We went on vacation in March, you may recall. (Michigan Vacation 2011) Our son, Levi, is four years old. He started potty training at 2 years old with his first day care experience. Now, at nearly 4 and a half years, I feel confident that we can celebrate Levi being potty trained.
More or less.
Potty training, as you may recall I preach, is a spectrum. We start out in diapers, learn the mechanics, figure out how to listen to our body when we have to go until we can no longer hear our body, and we end up back in diapers — again.
But, there is immense pressure on the child and parent to have a potty trained child. I want a career. I like to work. It is an important way in which I keep my mind active, moving, thinking, evolving. IN order for me to work Levi must be in some sort of daily care. Our choices are home care, day care, or preschool (in varying forms). I prefer center-type institutions, as it appeals to structure that I crave.
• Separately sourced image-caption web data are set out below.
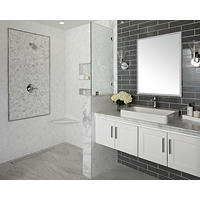Thumbnail image of Bathroom area utilizing several different tiles to make a unique look glass subway tile behind vanity offsets the lighter Carrera grass ceramic marble look and marble features used in this area a picture framed cobble tile is used to showcase the fixtures and there is decorative tile and recessed shelves is slender Carrera marble seat is set in tile to give both storage and accessibility shower itself is curbless with a trench drain the floor tile is large 12 by 24 tiles that also resemble marble this is a transitional space with beautiful greys whites and cream tones.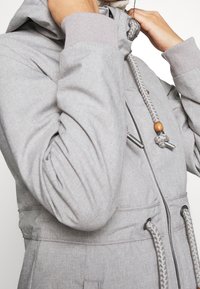 Gray hooded jacket with a textured finish, featuring a braided drawstring with wooden accents and elastic cuffs. Zippered front pockets included.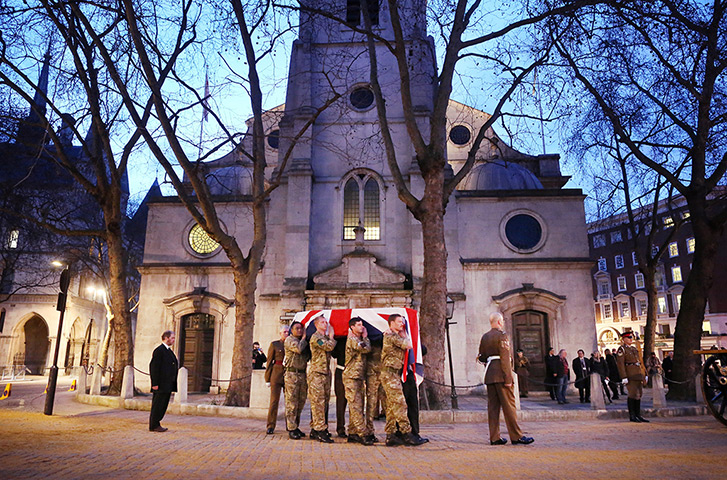 Rehearsal: A flag-draped coffin is carried on a gun carriage past St Clement Danes Chu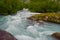 Blurry motions water of river which is located near path to the Briksdalsbreen Briksdal glacier. Jostedalsbreen National Park.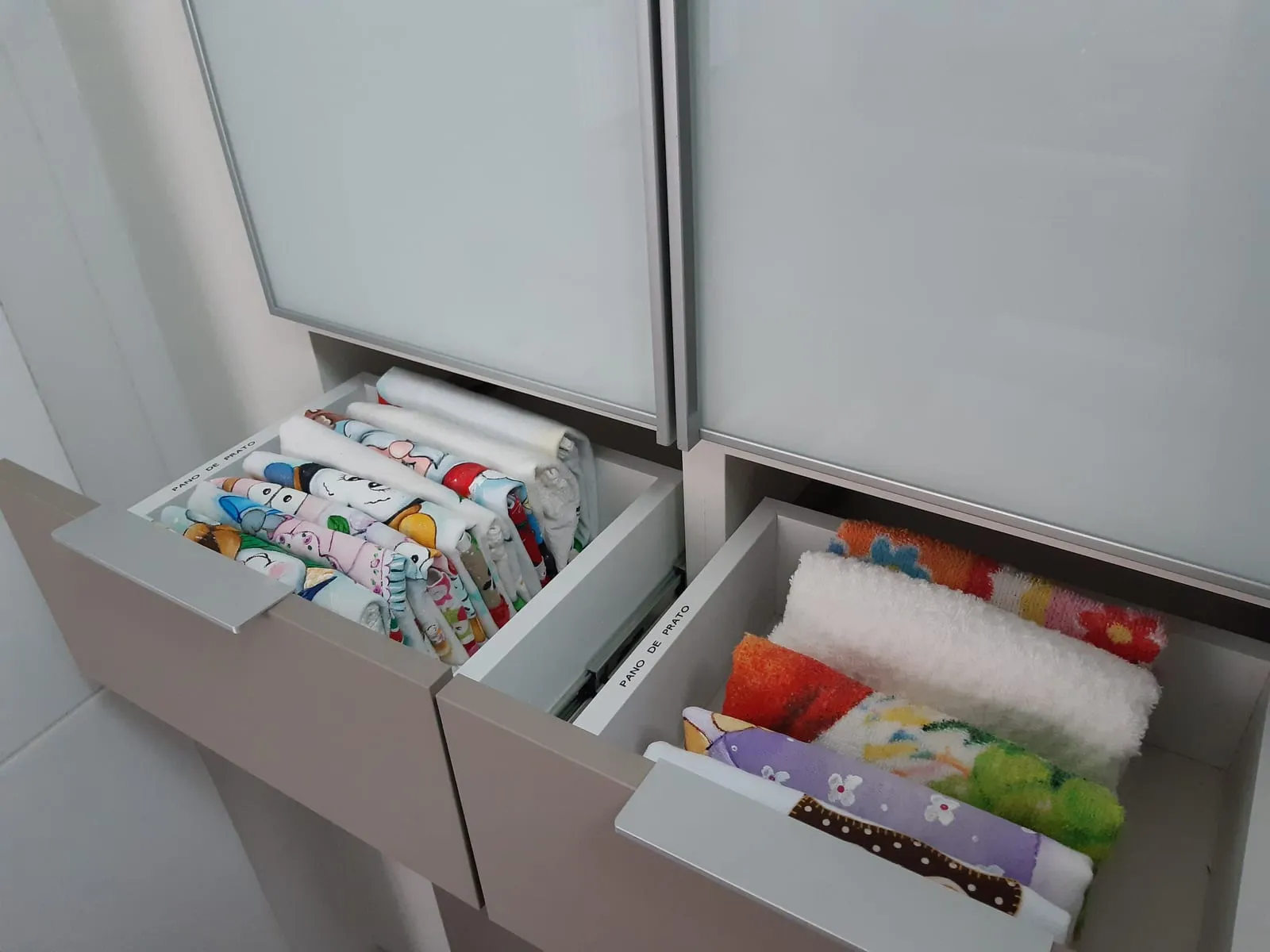 Cajones de cocina etiquetados con los paños doblados en vertical, uno junto a otro.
When we were deciding before I started this job (my goodness nearing on 10 months ago!), the qualifications were:
- Will you work with a (then) three year old who isn’t potty trained?
- Various motherly and fatherly intuitions to factor in judgments.
Home care is often thrown out, as I am not usually satisfied with the level of attention I see given. However, I know of one mom who has a daycare in her home, and she is absolutely fabulously. Ironically, the choice came down to a home care near our home or a center near my work.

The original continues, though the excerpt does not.